A goleira de Taiwan, então, parecia acionada por um controle remoto: ficava imóvel, no meio das traves, com as pernas dobradas. Bastava, entretanto, uma pequena bola ir na direção dela, que sua reação era surpreendente, ela se agitava toda, fazia a defesa, e rapidamente já jogava a bola pra frente, pois sabia que uma pequena companheira sua, com a velocidade de uma onça caçando nas savanas africanas, apareceria de algum lugar para pegar a bola e ir para o gol. A bola, então, mal se via: aquela esfera branca, tão desejada por todas naquela quadra, zunia em alta velocidade por todos os lados, não dando sossego nem para as goleiras nem para o público, que mal conseguia acompanhar todos os seus movimentos. Precisão.

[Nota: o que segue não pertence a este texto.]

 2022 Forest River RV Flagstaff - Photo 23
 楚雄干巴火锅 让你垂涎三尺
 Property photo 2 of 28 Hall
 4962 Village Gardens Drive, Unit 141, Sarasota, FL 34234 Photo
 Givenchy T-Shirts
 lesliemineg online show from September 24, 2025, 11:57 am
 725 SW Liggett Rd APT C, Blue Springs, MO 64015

Mas, surpresos estávamos nós, que assistíamos a partida. Tendo apostado nossas fichas nas tchecoslovacas, por sua tradição no handebol e pela força física da equipe, víamos nossos prognósticos ruírem. Faltando pouco mais de cinco minutos para o final do jogo, a equipe de Taiwan vencia por seis gols de diferença – as orientais riam, se cumprimentavam, dando já por certa aquela vitória. Concentração.
Repentinamente, porém, algo se mexeu. Uma jogadora europeia erra um lance muito fácil, um arremesso na frente da goleira. Nervosa, ela se agita, pula, e começa a gritar com as companheiras da equipe. Todas começam a falar alto, agitadas. O técnico, que já falava aos berros, agora estava translúcido, soltando a voz. União.

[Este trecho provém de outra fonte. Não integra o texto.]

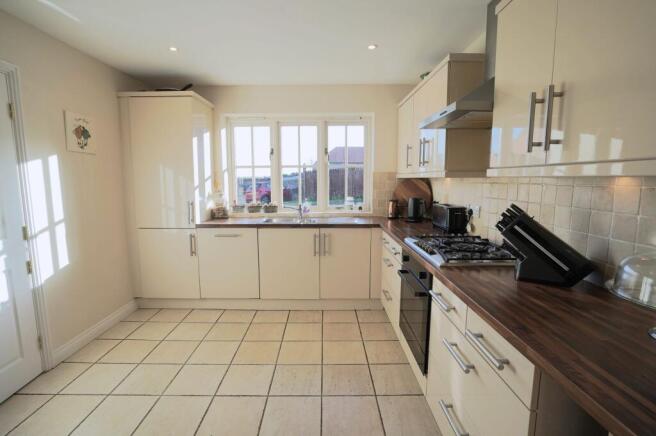 Dovecote Close, Snitterby, DN21 photo 3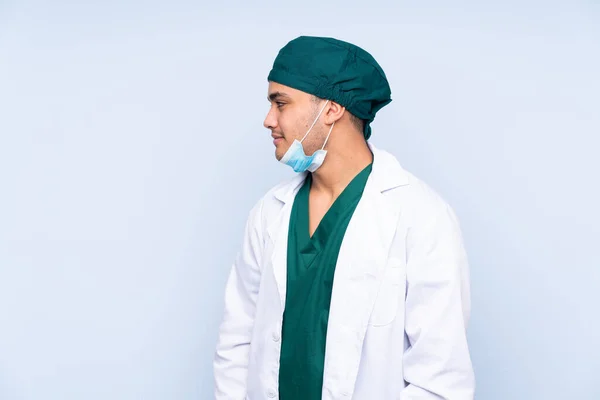 Cirurgião Homem Com Uniforme Isolado Fundo Azul Olhando Para Lado — Fotografia de Stock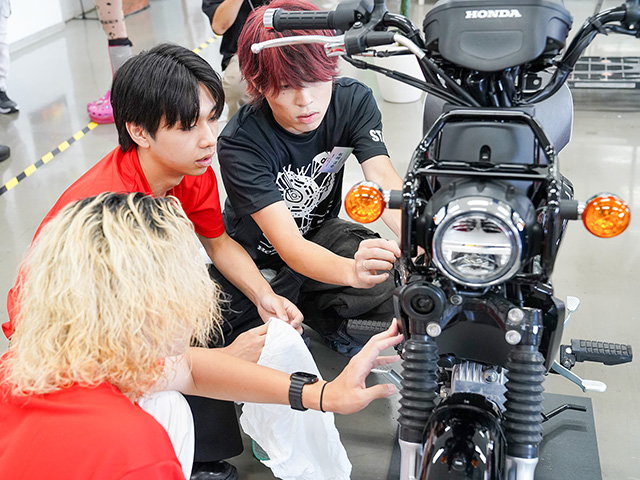 CMF（カラー・素材・仕上げ）では、くじ引きで選んだ要素をもとにコンセプトを立案し、車体側面のグラフィックデザイン制作を体験した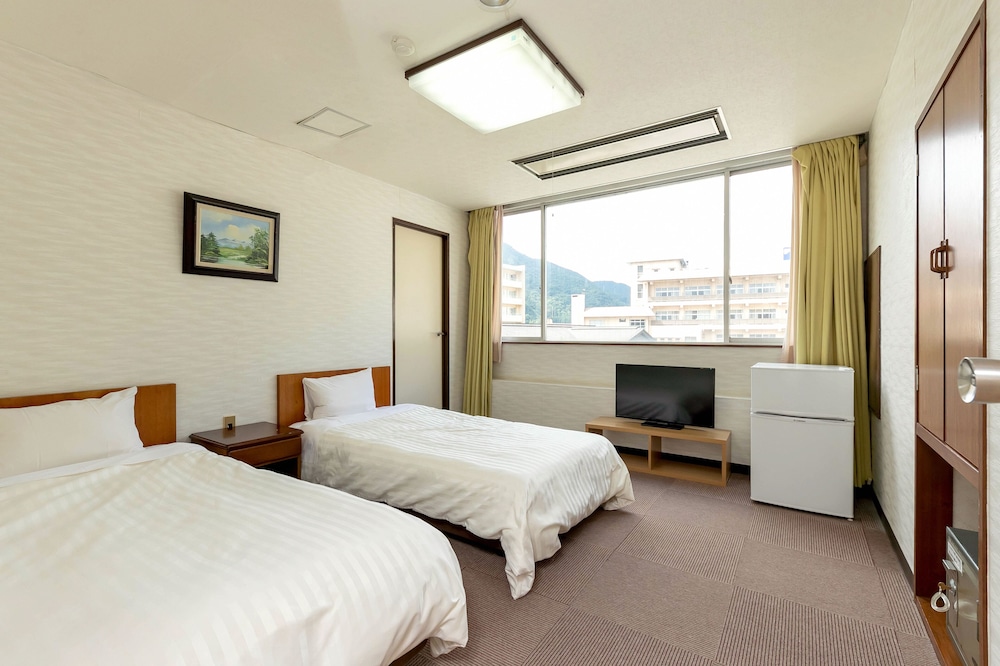 Itoen Hotel New Sakura 5/35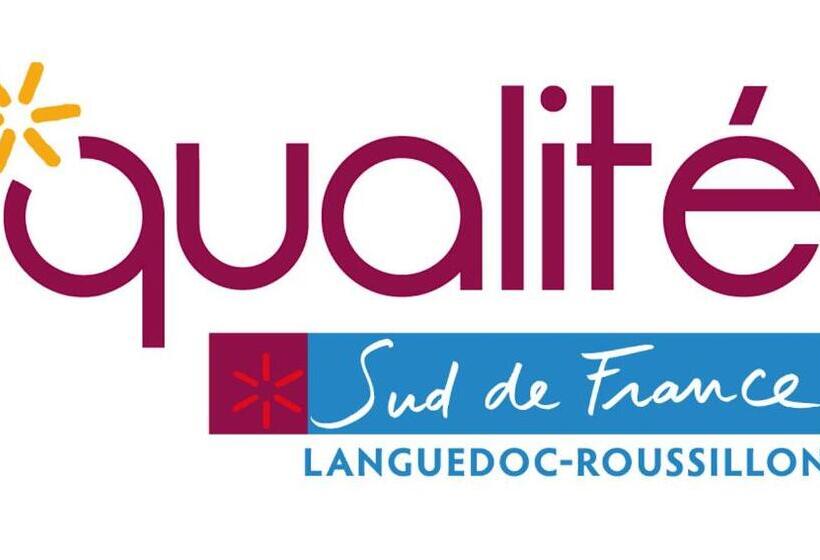 فندق Château D Arpaillargues   Teritoria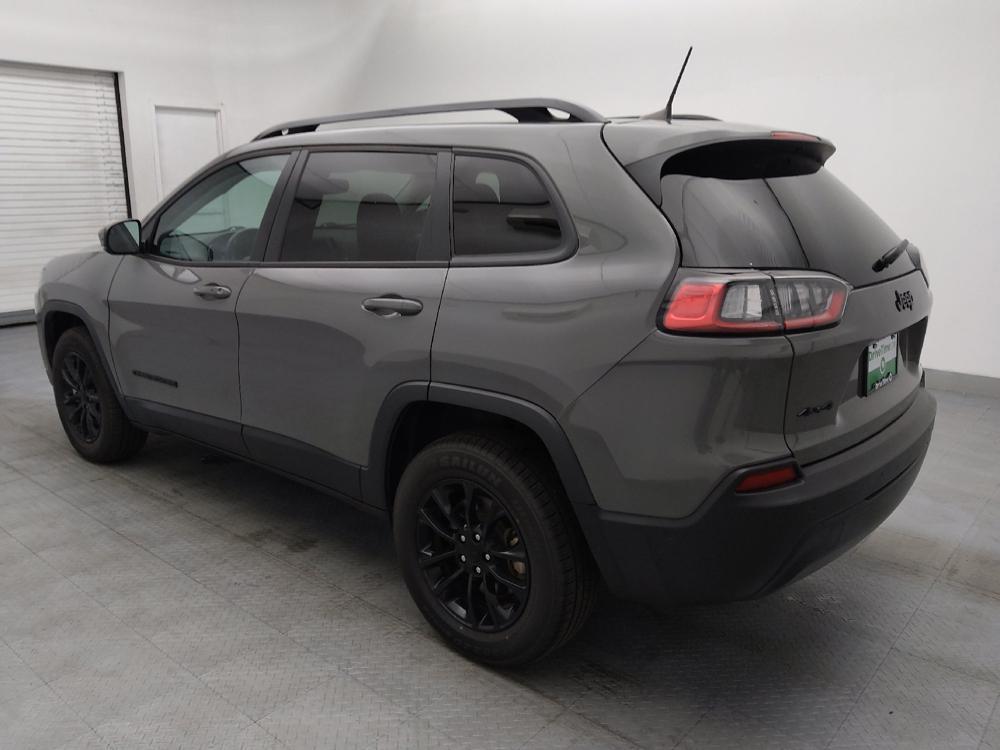 used 2023 Jeep Cherokee car, priced at $25,395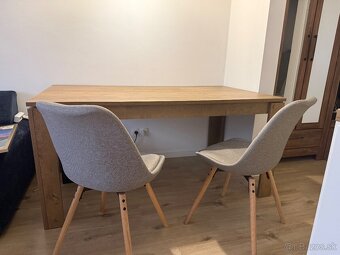 Jedálenský stôl so stoličkami. - 5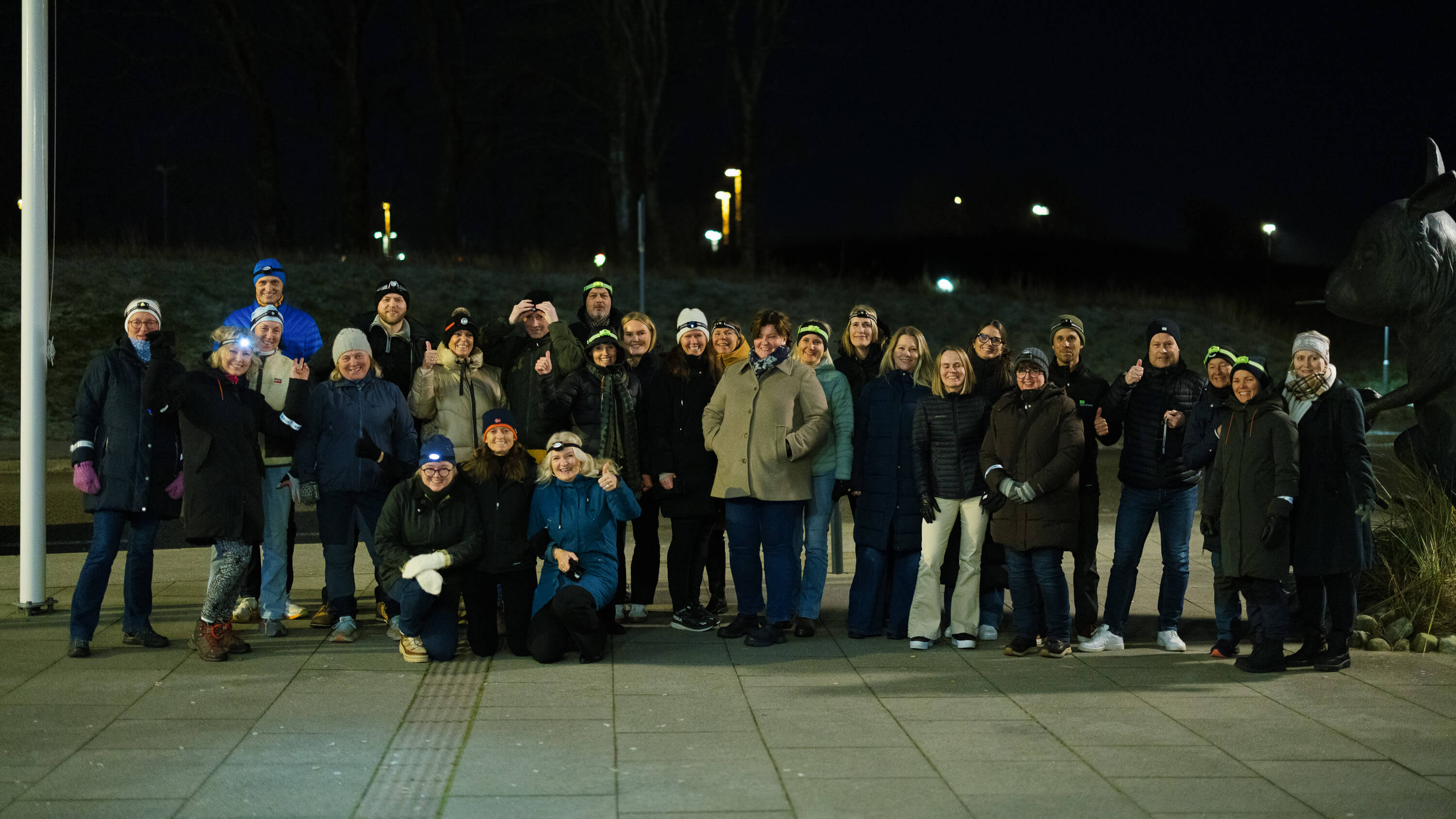 Group picture of customers and eye-share employees outside hotel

Outra partida parecia começar ali. Uma fúria tomava conta das tchecoslovacas, que em menos de cinco minutos correram como nunca, tirando energia não se sabe de onde, e empataram a partida – houvesse mais trinta segundos, teriam ganhado o jogo ali mesmo. As jogadoras de Taiwan, atônitas, mal acreditavam no que viam, assim como o público, que delirava nas arquibancadas. Volta por cima.
O jogo empatou, e foi para o tempo extra, a prorrogação, que no handebol é curta, dois tempos de cinco minutos. Embevecidas e encorajadas por sua recuperação, as europeias ganharam das orientais, que ainda assim também correram como nunca. A batalha foi duríssima. Ao final do jogo, ambas as equipes foram aplaudidas de pé durante dez minutos pelo público, em êxtase. Entusiasmo.

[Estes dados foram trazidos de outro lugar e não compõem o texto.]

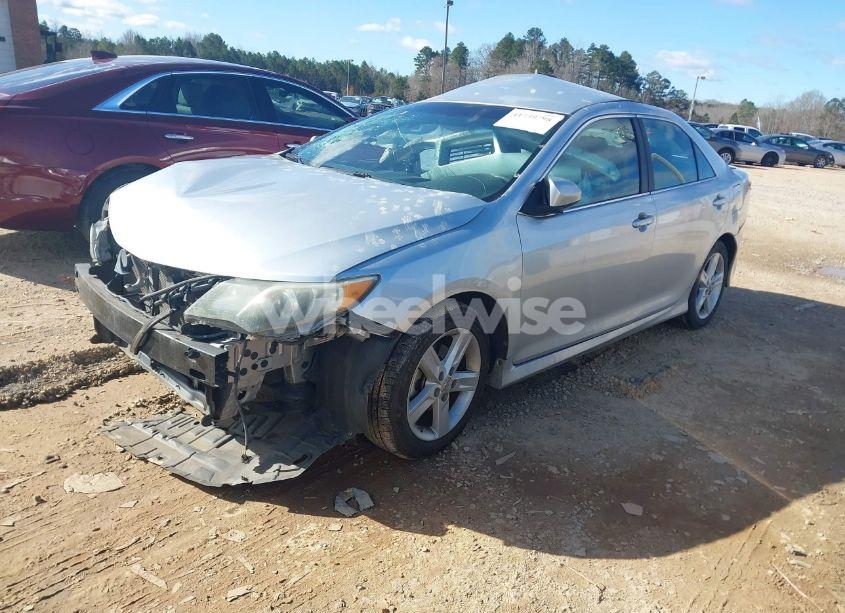 Photo 2 of 2012 Toyota Camry SE (VIN 4T1BF1FK7CU200341)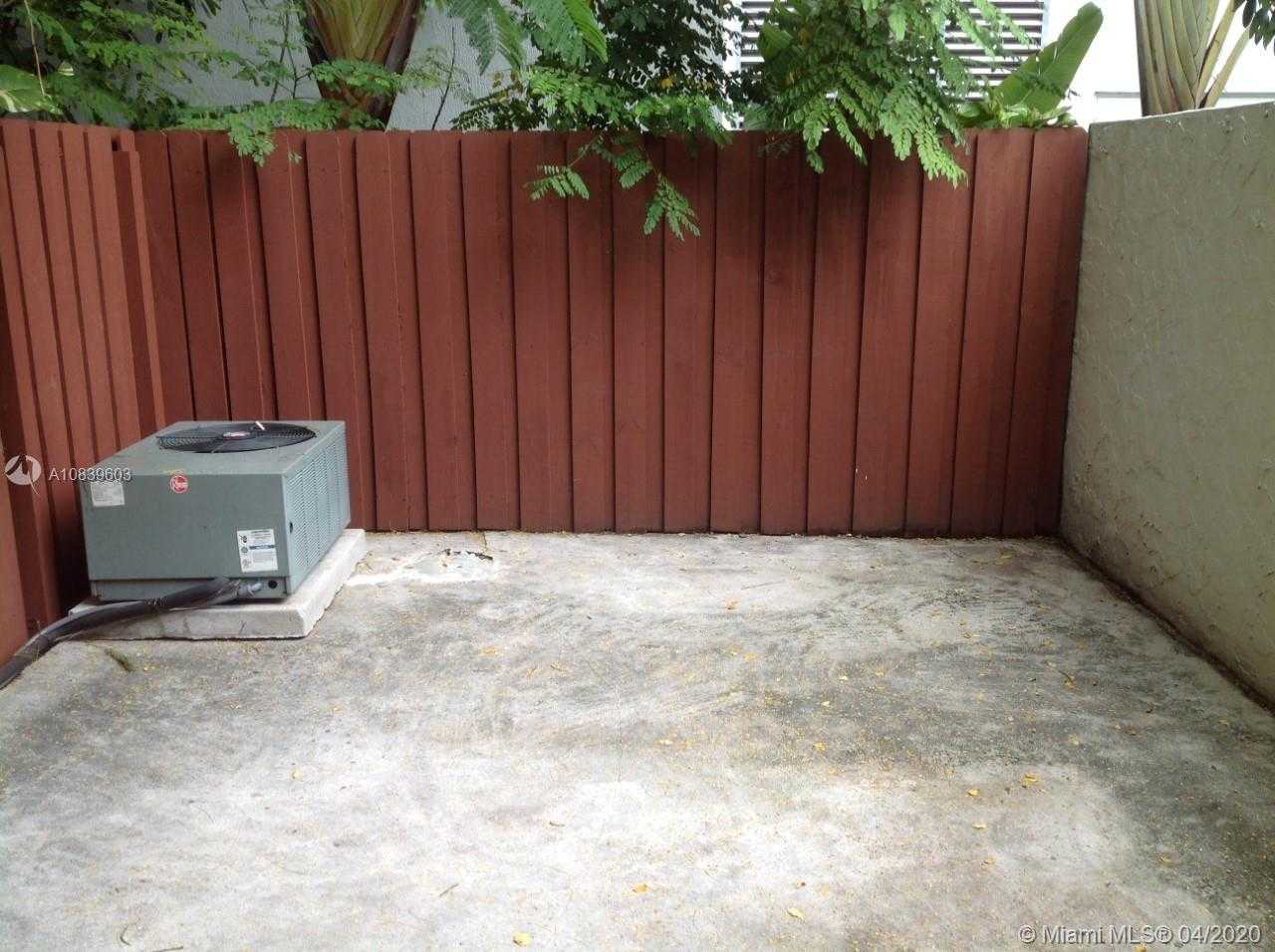 Small Object Image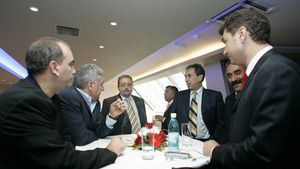 'Amenințarea fantomei'? Giovani pregătește un "puci" la Dinamo.** Bonetti pare de neatins, însă agentul a gândit un plan DIABOLIC pentru a reveni în forță la club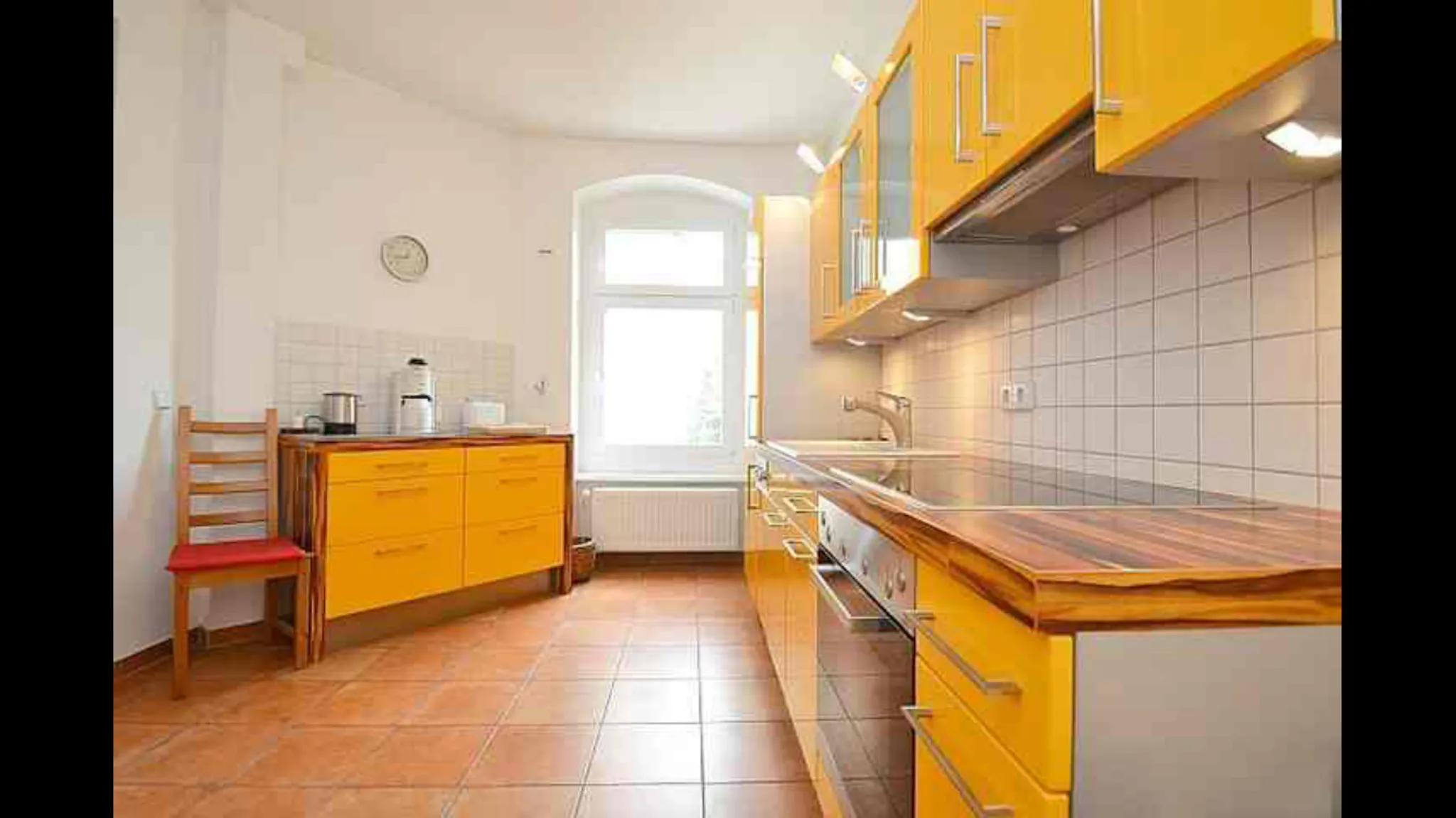 Emdener Straße, Berlin preview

Cena 2 – No Parque São Jorge
Era uma noite fria, gélida e úmida, como costuma acontecer na cidade de São Paulo no mês de agosto. Desta vez o palco era uma quadra de handebol dentro da sede social do S.C. Corinthians, um dos clubes de futebol com maior torcida no Brasil, com grandes equipes masculinas de handebol na década de 1980. História.
Na plateia, apenas algumas namoradas dos jogadores, talvez esposas, alguns amigos, e jogadores juvenis, como eu, que haviam jogado a partida preliminar e agora assistiam seus ídolos na quadra. No time da casa, Montanha, Vanderlei, Xu, com Willian no gol. Do outro lado, na equipe do E.C. Pinheiros, outras lendas do handebol: Xexa, Viché, Foguete e Luisinho. A partida prometia. Expectativa.
O ginásio, que já é grande, parecia maior, imenso com as arquibancadas quase vazias, com cadeiras que sobem até o alto das paredes. O placar eletrônico, posicionado longe, quase no teto, não facilita a vida dos míopes. O vento gelado que cortava o ar, entrava nos ossos de quem assistia a partida. Mas outra coisa também cortava os ares, e esquentava aquela noite: os jogadores, após inúmeras passadas e emaranhados de trocas de posições e passos velozes em curtos espaços, atiravam verdadeiras bolas de fogo contra os goleiros, ou em passes entre si, que aqueciam os olhos e os corações da pequena plateia. Fervura
O jogo se alternava, num ritmo frenético. Ora o Pinheiros avançava no placar, comandado por seus jogadores inteligentes e velozes. Dali a pouco, no entanto, e animados pelas defesas de seu goleiro, craque da seleção brasileira, os corintianos iam ao ataque com vigor, virando o jogo. Incerteza.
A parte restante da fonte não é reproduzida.